[Python-ideas] Enabling access to the AST for Python code

Fri May 22 05:00:15 CEST 2015

LOn May 21, 2015, at 19:44, Steven D'Aprano <steve at pearwood.info> wrote:
> 
>> On Thu, May 21, 2015 at 06:51:34PM -0700, Andrew Barnert via Python-ideas wrote:
>>> On May 21, 2015, at 18:18, Ben Hoyt <benhoyt at gmail.com> wrote:
>>> 
>>> (I know that there's the "ast" module and ast.parse(), which can give
>>> you an AST given a *source string*, but that's not very convenient
>>> here.)
>> 
>> Why not? Python modules are distributed as source.
> 
> *Some* Python modules are distributed as source. Don't forget that 
> byte-code only modules are officially supported.
> 
> Functions may also be constructed dynamically, at runtime. Closures may 
> have source code available for them, but functions and methods 
> constructed with exec (such as those in namedtuples) do not.
> 
> Also, the interactive interpreter is a very powerful tool, but it 
> doesn't record the source code of functions you type into it.
> 
> So there are at least three examples where the source is not available 
> at all.

By comparison, code objects that don't carry around their AST including everything running in any version of Python except maybe a future version that'll be out in a year and a half, if this idea gets accepted, and probably only in CPython.

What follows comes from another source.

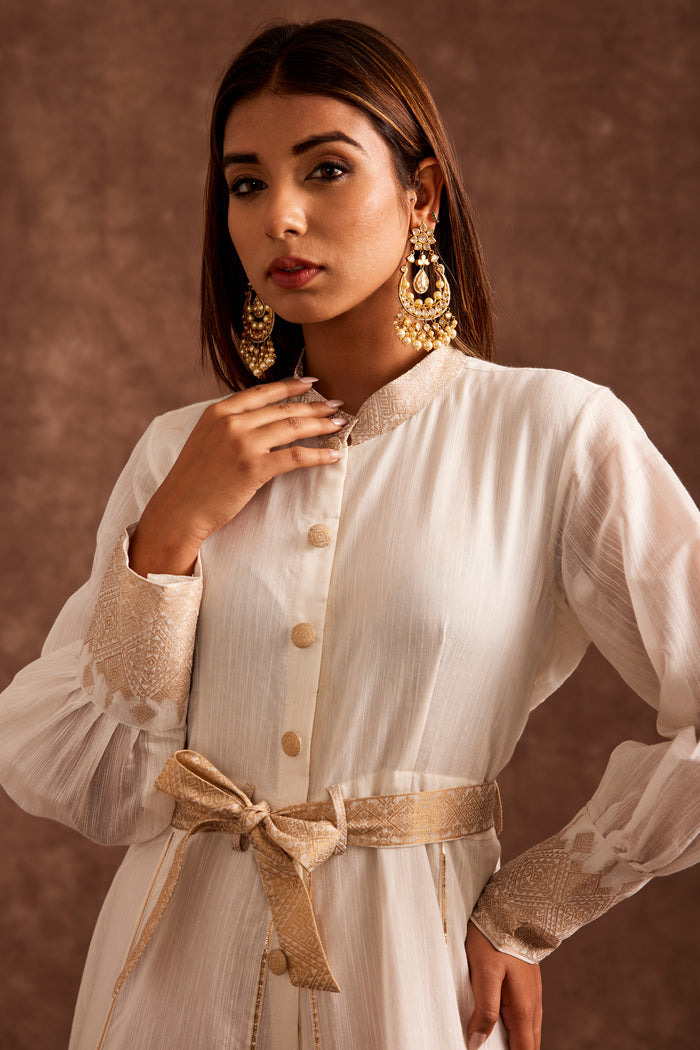 Ivory Chanderi Suit And Palazzo Set With Real Zari Weaving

Plus, I'm pretty sure people would demand the ability to not waste memory and disk space on ASTs when they don't need them, so they still wouldn't be always available.

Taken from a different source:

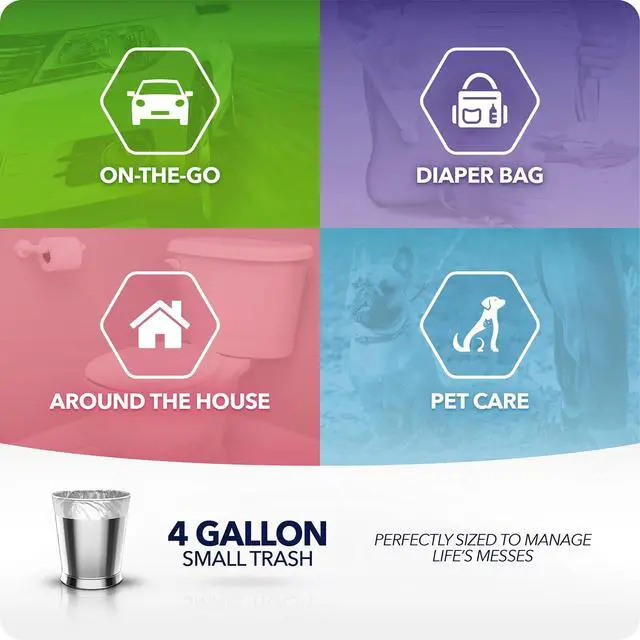 Alt view image 2 of 6 - Color Scents 4 Gallon Bathroom Trash Bags Lavender Scent, Microban, Twist Tie, 80 Count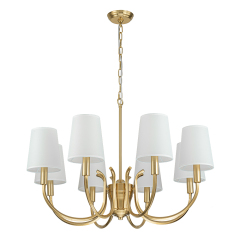 Mid-century Modern Empire Chandelier Sputnik Curved Arms Hanging Light in Cone Shades for Living Room Kitchen Island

> Ben also talks about *convenience*: `func.ast` will always be 
> more convenient than:
> 
> import ast
> import parse
> ast.parse(inspect.getsource(func))
> 
> not to mention the wastefulness of parsing something which has already 
> been parsed before.

> On the other hand, keeping the ast around even when 
> it's not used wastes memory, so this is a classic time/space trade off.
> 
> 
>> You can pretty 
>> easily write an import hook to intercept module loading at the AST 
>> level and transform it however you want.
> 
> Let's have a look at yours then, that ought to only take a minute or 
> three :-) 

Does "import macropy" count? That only took me a second or three. :)

Certainly a _lot_ easier than hacking the CPython source, even for something as trivial as adding a new member to the code object and finding all the places to attach the AST.

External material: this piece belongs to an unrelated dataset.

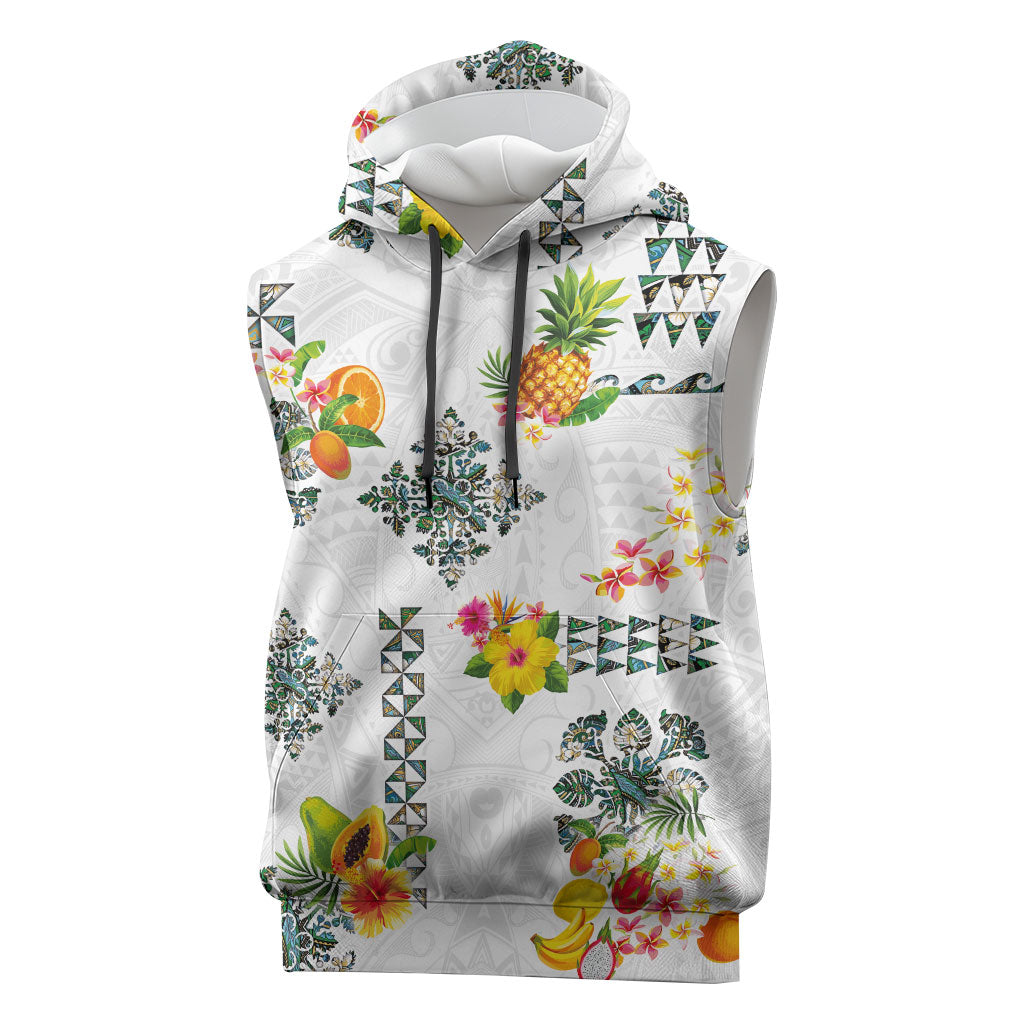 Hawaiian Quilts Sleeveless Hoodie Tropical Fruits and Plants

> (That's my definition of "pretty easily".)
> 
> I think that the majority of Python programmers have no idea that you 
> can even write an import hook at all, let alone how to do it.

Sure, because they have no need to do so. But it's very easy to learn. Especially after the changes in 3.3 and again in 3.4.

During the discussion on Unicode operators that turned into a discussion on a Unicode empty set literal, I suggested an import hook, someone (possibly you?) challenged me to write one if it was so easy, and it took me under half an hour to learn the 3.4 system and implement one. (I'm sure it would be a lot faster this time. But probably not on my phone...) All that work to improve the import system really did pay off. 

By comparison, hacking in new syntax to CPython to play with operator sectioning yesterday took me about four hours.

And of course anyone can download and use my import hook to get the empty set literal in any standard Python 3.4 or later, but anyone who wants to use my operator sectioning hacks has to clone my fork and build and install a new interpreter.